Varadero, with almost 25km of beach, most of it lined with hotels, is Cuba’s largest tourist resort. It occupies the Península de Hicacos, a slender finger of land pointing into the warm currents of the western Atlantic from the northern coastline of the province of Matanzas. That stunning esplanade of fine white sand certainly makes Varadero a world-class beach but the resort itself is not, however, the complete package. Increasing numbers of luxury hotels provide optimum accommodation, but the nightlife and entertainment is pretty poor. That said, this is the best major beach resort in Cuba for independent or budget travellers as it’s one of the few with a wide spread of low-priced accommodation, options and a decent, ever-improving choice of restaurants outside the hotels.
Roughly 30km west along the coastline from the peninsula is the provincial capital, also named Matanzas, while to the east, and somewhat closer, is the bayside town of Cárdenas. These once grand colonial towns now live largely in Varadero’s shadow, relegated to day-trip destinations for holidaymakers. Many of their historic buildings are in considerable disrepair but they do still make a refreshing contrast to their more cultureless and one-dimensional neighbour.
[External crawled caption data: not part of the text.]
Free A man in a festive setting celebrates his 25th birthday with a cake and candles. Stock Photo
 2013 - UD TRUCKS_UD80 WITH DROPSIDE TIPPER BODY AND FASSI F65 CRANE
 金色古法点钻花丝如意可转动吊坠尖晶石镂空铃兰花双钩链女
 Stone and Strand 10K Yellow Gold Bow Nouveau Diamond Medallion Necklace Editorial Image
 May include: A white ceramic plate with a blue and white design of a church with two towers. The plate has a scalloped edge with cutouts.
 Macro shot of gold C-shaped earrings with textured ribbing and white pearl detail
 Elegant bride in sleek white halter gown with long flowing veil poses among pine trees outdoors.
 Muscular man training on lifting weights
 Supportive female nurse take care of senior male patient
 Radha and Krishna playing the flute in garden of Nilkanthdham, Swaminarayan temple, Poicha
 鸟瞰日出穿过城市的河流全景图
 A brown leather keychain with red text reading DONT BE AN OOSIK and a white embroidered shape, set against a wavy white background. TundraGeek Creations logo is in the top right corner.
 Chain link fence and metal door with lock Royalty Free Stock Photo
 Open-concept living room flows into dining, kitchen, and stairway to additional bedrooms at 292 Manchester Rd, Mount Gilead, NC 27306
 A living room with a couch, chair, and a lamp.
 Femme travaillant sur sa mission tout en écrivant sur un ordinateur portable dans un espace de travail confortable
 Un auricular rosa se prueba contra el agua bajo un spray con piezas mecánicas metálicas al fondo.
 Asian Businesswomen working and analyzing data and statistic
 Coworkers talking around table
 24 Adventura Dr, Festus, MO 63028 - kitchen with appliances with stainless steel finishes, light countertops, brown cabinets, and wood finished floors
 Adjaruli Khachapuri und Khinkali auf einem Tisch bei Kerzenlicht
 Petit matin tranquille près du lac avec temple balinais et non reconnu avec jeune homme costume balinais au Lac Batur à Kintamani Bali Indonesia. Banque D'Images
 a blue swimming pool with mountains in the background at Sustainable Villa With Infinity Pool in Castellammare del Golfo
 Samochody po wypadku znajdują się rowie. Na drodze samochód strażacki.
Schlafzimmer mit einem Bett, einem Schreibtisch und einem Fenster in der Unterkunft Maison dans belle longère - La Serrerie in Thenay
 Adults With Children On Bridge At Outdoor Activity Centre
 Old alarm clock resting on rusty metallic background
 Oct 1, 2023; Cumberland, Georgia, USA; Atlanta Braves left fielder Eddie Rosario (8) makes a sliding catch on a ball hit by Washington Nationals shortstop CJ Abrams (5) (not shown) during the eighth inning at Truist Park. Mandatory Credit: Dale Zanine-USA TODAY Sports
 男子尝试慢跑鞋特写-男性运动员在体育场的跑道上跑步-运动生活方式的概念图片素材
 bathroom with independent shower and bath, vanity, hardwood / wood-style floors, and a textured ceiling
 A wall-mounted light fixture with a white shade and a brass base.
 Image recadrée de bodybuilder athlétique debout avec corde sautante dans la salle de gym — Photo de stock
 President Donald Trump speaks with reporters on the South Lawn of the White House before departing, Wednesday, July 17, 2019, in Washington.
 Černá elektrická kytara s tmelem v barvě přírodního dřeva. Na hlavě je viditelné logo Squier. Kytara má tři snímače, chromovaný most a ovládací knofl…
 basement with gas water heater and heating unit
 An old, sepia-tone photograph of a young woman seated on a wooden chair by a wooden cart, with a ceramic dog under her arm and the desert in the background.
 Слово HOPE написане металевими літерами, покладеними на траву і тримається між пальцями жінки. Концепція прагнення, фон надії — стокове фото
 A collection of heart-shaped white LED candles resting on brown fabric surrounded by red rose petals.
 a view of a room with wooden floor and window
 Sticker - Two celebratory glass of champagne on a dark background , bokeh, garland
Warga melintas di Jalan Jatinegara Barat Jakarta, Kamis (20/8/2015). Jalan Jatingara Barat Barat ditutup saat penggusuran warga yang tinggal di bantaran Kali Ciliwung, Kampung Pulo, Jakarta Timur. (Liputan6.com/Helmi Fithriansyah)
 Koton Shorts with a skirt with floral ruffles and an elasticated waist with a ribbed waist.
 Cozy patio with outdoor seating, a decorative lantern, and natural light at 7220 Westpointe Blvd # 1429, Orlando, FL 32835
What’s more, the Matanzas city surrounds hold three of the most captivating natural phenomena in the province: the subterranean cave network of the Cuevas de Bellamar; the broad, slinking Río Canímar, host to some great boat trips; and the enchanting tropical landscapes of the Yumurí Valley. The valley nudges into the neighbouring province of Mayabeque , bypassed by most tourists on the journey between Havana and Varadero but whose pretty stretch of uncrowded coastlineat the resort of Playa Jibacoa is easier to get to from Matanzas than any other town or city. The hills of the Escaleras de Jaruco, also in Mayabeque, offer somewhere interesting and attractive to head for if you want to get well off the beaten track. Back in Matanzas province, another little-visited but charming spot is the once wealthy village of San Miguel de los Baños, now a slightly surreal but intriguing testament to a bygone era.
On the southern side of the province, the Península de Zapata’s sweeping tracts of coastal marshlands and wooded interior can be explored with guides, who help protect this encouragingly unspoiled national park and Biosphere Reserve. There are a couple of very modest beaches here but the area is better suited to hiking, birdwatching and scuba diving than sunbathing. It is also the site of one of the most infamous acts in Cuban–US history – the Bay of Pigs invasion.